PROBLEM -> Write out again each line of the material below, unchanged, from the first one to the line that holds "Runner Photo 5682464".

>>>>

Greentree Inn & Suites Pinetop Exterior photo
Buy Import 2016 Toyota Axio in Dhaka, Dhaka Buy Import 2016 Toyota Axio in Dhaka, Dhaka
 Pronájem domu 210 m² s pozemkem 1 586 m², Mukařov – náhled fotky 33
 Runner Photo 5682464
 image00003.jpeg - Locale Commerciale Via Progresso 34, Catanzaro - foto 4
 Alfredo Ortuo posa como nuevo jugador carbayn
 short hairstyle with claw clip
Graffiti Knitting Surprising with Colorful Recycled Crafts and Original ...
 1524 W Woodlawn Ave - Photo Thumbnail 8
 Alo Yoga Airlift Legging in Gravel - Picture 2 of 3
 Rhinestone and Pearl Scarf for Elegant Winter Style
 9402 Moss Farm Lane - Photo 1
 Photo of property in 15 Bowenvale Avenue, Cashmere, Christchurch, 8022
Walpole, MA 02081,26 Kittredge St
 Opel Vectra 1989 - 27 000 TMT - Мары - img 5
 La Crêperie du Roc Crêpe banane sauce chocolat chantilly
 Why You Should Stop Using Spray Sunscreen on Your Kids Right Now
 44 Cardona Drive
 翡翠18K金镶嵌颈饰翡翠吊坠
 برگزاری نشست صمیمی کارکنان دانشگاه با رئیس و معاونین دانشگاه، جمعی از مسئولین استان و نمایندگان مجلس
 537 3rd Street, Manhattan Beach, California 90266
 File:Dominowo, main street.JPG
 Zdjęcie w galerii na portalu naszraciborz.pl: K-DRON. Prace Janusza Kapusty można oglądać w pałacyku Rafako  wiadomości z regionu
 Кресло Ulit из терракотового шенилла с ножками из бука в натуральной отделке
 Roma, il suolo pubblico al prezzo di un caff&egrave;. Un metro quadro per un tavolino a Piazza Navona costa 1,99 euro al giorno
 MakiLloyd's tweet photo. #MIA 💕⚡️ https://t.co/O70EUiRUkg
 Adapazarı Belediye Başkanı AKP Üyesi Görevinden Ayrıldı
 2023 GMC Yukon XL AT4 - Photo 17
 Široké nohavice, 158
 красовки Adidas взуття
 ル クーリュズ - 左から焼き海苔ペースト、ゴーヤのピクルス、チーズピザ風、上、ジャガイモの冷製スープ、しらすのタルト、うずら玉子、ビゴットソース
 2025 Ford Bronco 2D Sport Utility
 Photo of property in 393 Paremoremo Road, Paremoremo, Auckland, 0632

<<<<

EXERCISE OUTPUT ->
Greentree Inn & Suites Pinetop Exterior photo
Buy Import 2016 Toyota Axio in Dhaka, Dhaka Buy Import 2016 Toyota Axio in Dhaka, Dhaka
 Pronájem domu 210 m² s pozemkem 1 586 m², Mukařov – náhled fotky 33
 Runner Photo 5682464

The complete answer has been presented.